* REQUIRED WORK: Look below for the line that has "Clearly we have"; output exactly from it through the line that has "This specific administrative", and leave the pictures out.

* RECORD SET:
※
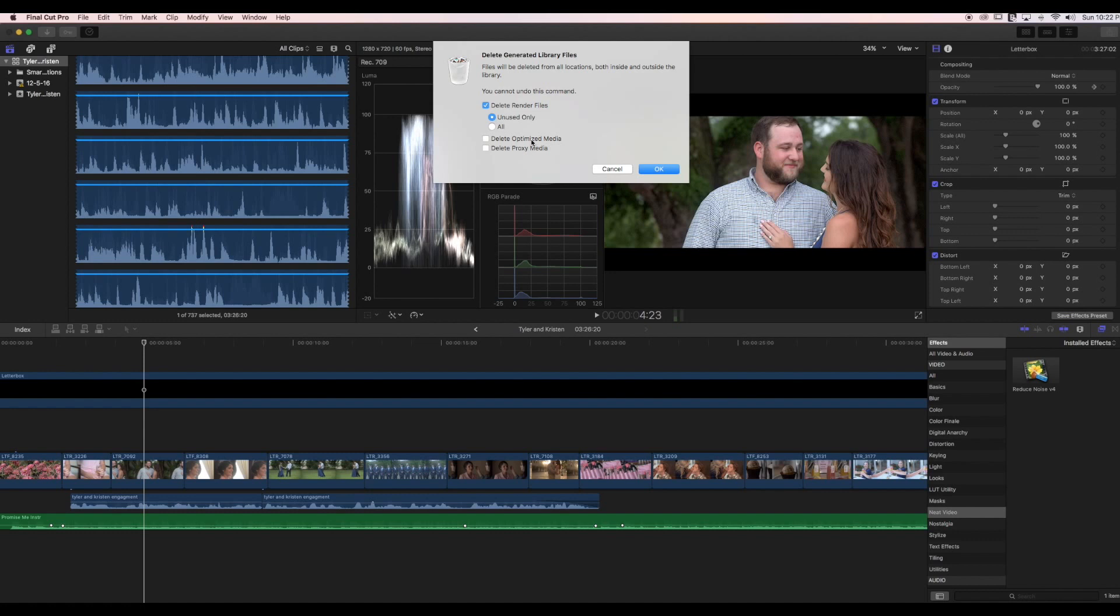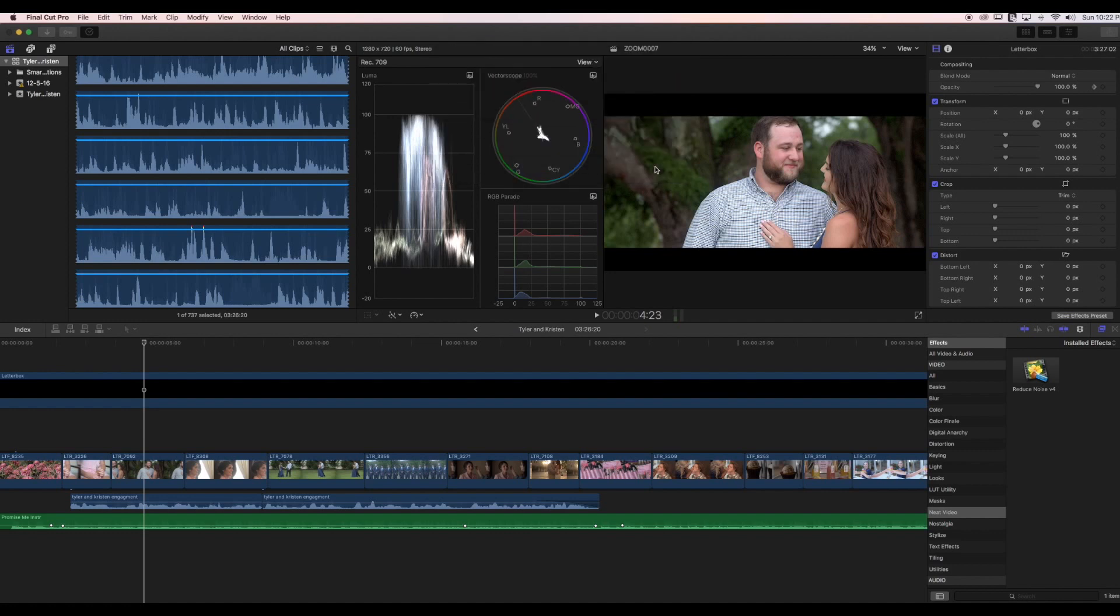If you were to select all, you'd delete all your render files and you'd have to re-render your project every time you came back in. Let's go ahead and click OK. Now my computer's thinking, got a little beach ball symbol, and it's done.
※
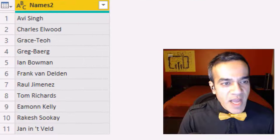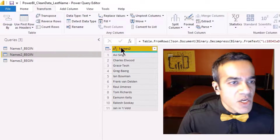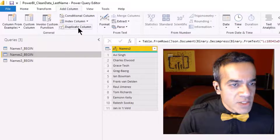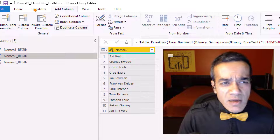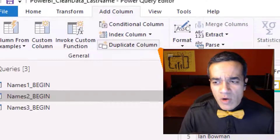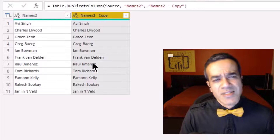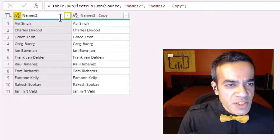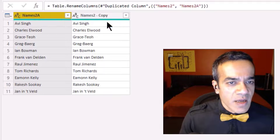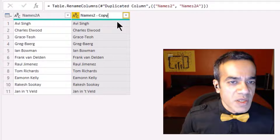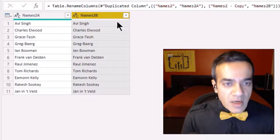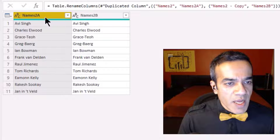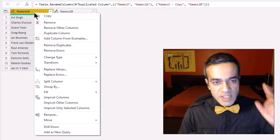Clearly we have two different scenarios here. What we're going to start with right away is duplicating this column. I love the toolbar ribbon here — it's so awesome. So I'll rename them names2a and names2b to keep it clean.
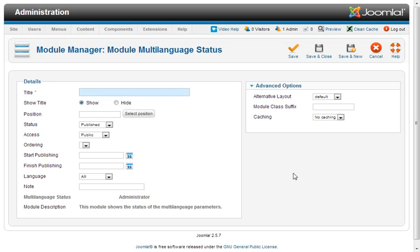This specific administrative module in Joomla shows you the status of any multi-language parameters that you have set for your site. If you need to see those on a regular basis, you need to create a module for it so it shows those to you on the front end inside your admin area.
※
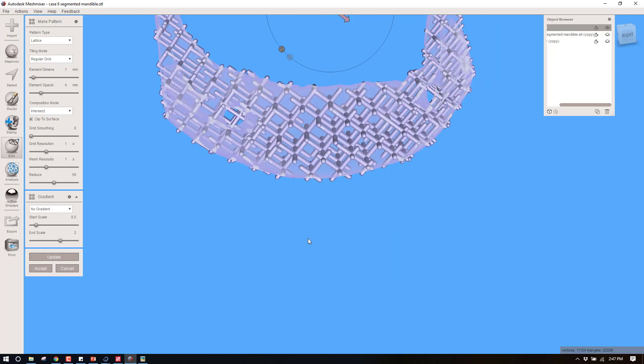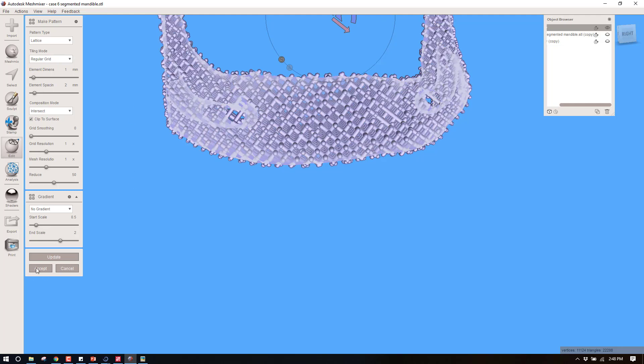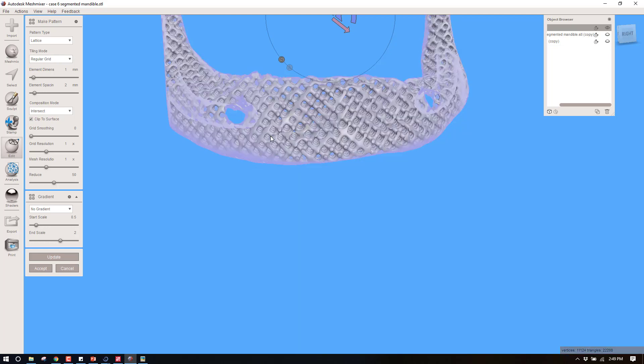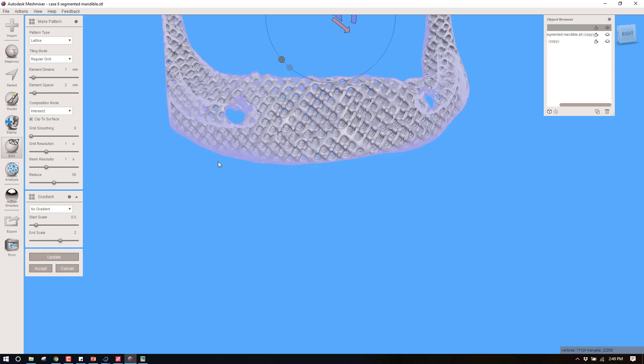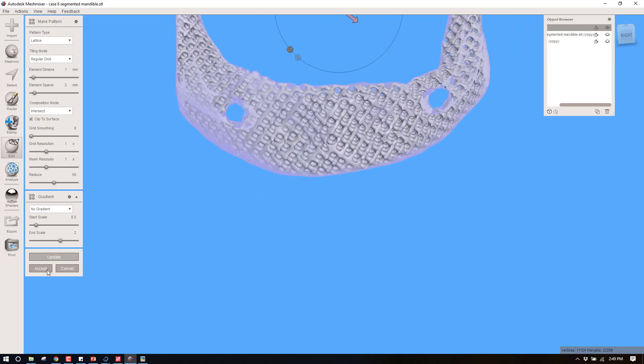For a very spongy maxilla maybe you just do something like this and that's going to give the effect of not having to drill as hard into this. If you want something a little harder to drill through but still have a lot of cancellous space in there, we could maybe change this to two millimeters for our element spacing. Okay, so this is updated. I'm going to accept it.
※
* RESULT FOR THIS EXERCISE:
Clearly we have two different scenarios here. What we're going to start with right away is duplicating this column. I love the toolbar ribbon here — it's so awesome. So I'll rename them names2a and names2b to keep it clean.
This specific administrative module in Joomla shows you the status of any multi-language parameters that you have set for your site. If you need to see those on a regular basis, you need to create a module for it so it shows those to you on the front end inside your admin area.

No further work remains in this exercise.